5. Create a function, called **"add_ones"** which takes in $X$ and returns an augmented version where 1s have been concatenated with X. This implies that a new column is added to $X$ which contain ones. Call this new augmented data, $X_{new}$. The function should return $X_{new}$. Note that $X_{new}$ has one column more than $X$.
6. Edit your fit method **to add ones** to $X$ to make $X_{new}$ before computing $\theta$ in your code.
7. Now, calculate the $MSE$ for your predictions using this $X_{new}$. 

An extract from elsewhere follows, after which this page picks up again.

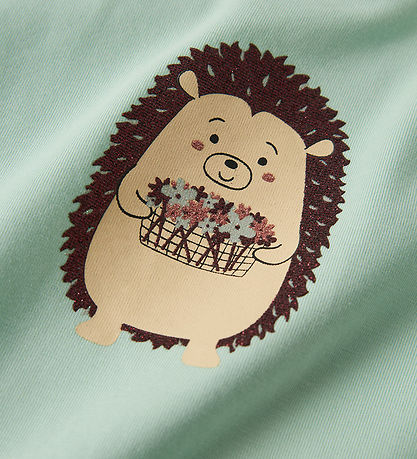 Name It Bluse - NmfVix - Gossamer Green/Tiny Hedgehog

- Is it better than the previous MSE you got? Give any reason why it is better or not better.

In [None]:
b=np.ones((1,len(x))).reshape(1,len(x)).T
x_new = np.hstack((x,b))

In [None]:
x_new

array([[ 60.        ,  30.        ,  19.89      , ...,   5.3       ,
         13.27543316,   1.        ],
       [ 60.        ,  30.        ,  19.89      , ...,   5.2       ,
         18.60619498,   1.        ],
       [ 50.        ,  30.        ,  19.89      , ...,   5.1       ,
         28.64266817,   1.        ],
       ...,
       [270.        ,  10.        ,  25.5       , ...,  13.26666667,
         29.19911708,   1.        ],
       [420.        ,  10.        ,  25.5       , ...,  13.23333333,
          6.32278365,   1.        ],
       [430.        ,  10.        ,  25.5       , ...,  13.2       ,
         34.11885059,   1.        ]])

In [None]:
class LinearReg2():
  theta=None

  def add_ones(self,x):
    x_new = np.hstack((x,np.ones((1,len(x))).reshape(1,len(x)).T))
    return x_new

  def fit(self, x, y):
      x = self.add_ones(x)
      self.theta = np.linalg.inv(x.T.dot(x)).dot(x.T).dot(y)  
      return self.theta  

  def predict(self,x):
      x = self.add_ones(x)
      y_hat = np.dot(x,self.theta) 
      return y_hat
  
  def MSE(self, y, y_hat):
      return np.sum(np.power((y - y_hat) ,2))/len(y)

In [None]:
model2 = LinearReg2()

In [None]:
model2.fit(x, y)

array([-3.88876762e-12,  6.68427856e-11,  5.84905232e-11,  2.19584754e-11,
       -6.33590793e-11, -2.64032929e-11, -2.47161566e-11, -5.07133745e-12,
        8.67421326e-12,  4.55605692e-12,  1.84104841e-11, -1.97526674e-13,
        1.92316389e-12,  2.31556690e-13, -1.08820539e-11,  6.00844049e-12,
        3.32949727e-12, -2.68422914e-12,  1.08051940e-11,  3.60279623e-13,
        3.35785219e-13, -3.08414945e-14, -8.52989012e-14, -1.13018969e-13,
       -2.13582407e-15,  1.15144873e-13,  1.00000000e+00,  1.10431428e-10])

In [None]:
model2.predict(x)

array([13.27543316, 18.60619498, 28.64266817, ..., 29.19911708,
        6.32278365, 34.11885059])

In [None]:
model2.MSE(y, y_hat)

7.559491930715856e-20

Is it better than the previous MSE you got? Give any reason why it is better or not better.

Answer : it's the same and I think it's based on the configuration of my data. The data I chose and my target allowed me to have this result.